Caption-style text data:
★ ★ ★ ★
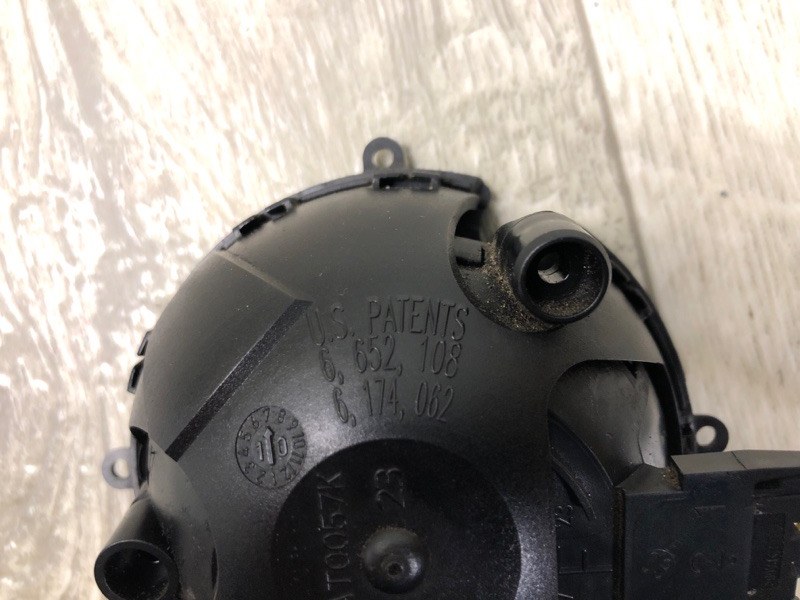 Мотор зеркала правый ACADIA 12-16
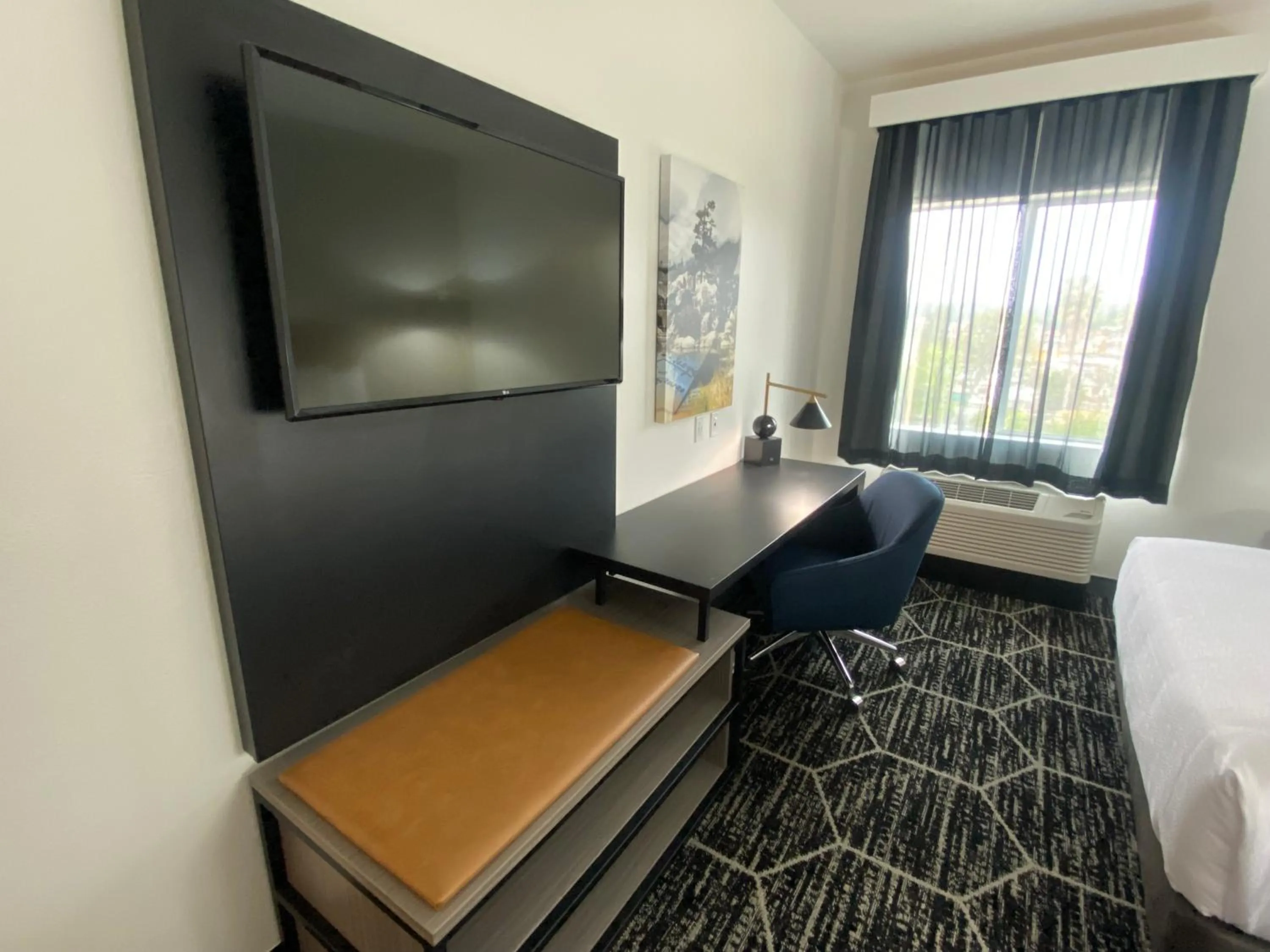TV and multimedia, Bed in La Quinta Inn & Suites by Wyndham Yucaipa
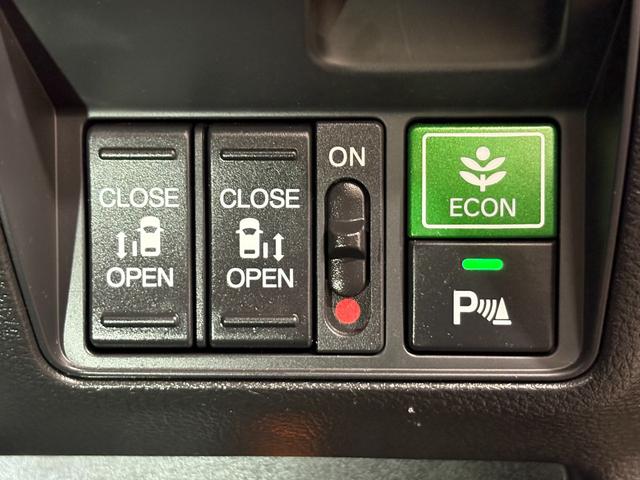 オデッセイハイブリッド ｅ：ＨＥＶアブソルート・ＥＸ　ナビフルセグマルチビューカメラＥＴＣＬＥＤＡＷスタッドレス　電動Ｒゲート　ＬＥＤライト　シ－トヒ－タ－　両側ＰＳＤ　パワ－シ－ト　クルーズコントロール　ＤＶＤ再生機能　ナビ＆ＴＶ　キーレス　ドラレコ（21枚目）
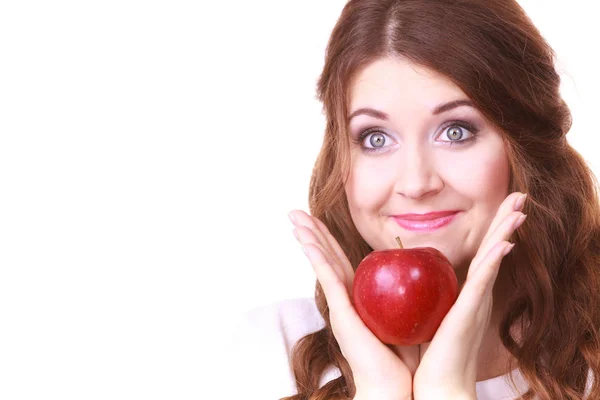 Yüz Beyaz Üzerine Kırmızı Elma Elinde Tutan Kadın Kapatın Sağlıklı — Stok fotoğraf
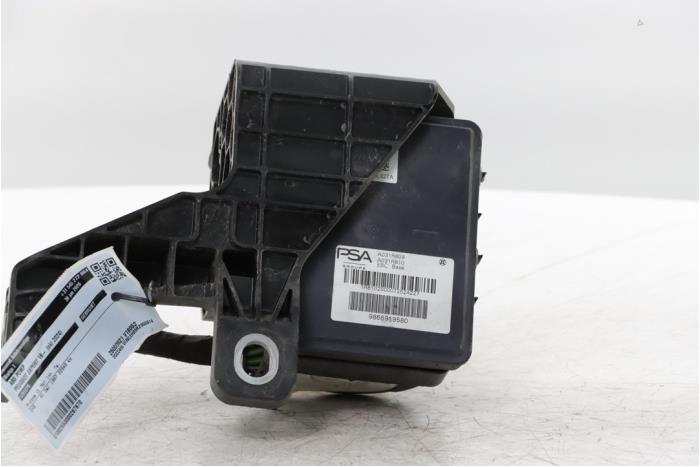 ABS Pumpe van een Peugeot Expert (V1/VA/VB/VE/VF/VT/VY) 2.0 Blue HDi 145 16V 2024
★ ★ ★ ★
* DESCRIPTION OF THE TASK:
Please set down, exactly and with no pictures, the lines in the entries above starting at the one holding "オデッセイハイブリッド ｅ：" and ending at the one holding "Yüz Beyaz Üzerine", ends included.

* SOLUTION BELOW:
 オデッセイハイブリッド ｅ：ＨＥＶアブソルート・ＥＸ　ナビフルセグマルチビューカメラＥＴＣＬＥＤＡＷスタッドレス　電動Ｒゲート　ＬＥＤライト　シ－トヒ－タ－　両側ＰＳＤ　パワ－シ－ト　クルーズコントロール　ＤＶＤ再生機能　ナビ＆ＴＶ　キーレス　ドラレコ（21枚目）
 Yüz Beyaz Üzerine Kırmızı Elma Elinde Tutan Kadın Kapatın Sağlıklı — Stok fotoğraf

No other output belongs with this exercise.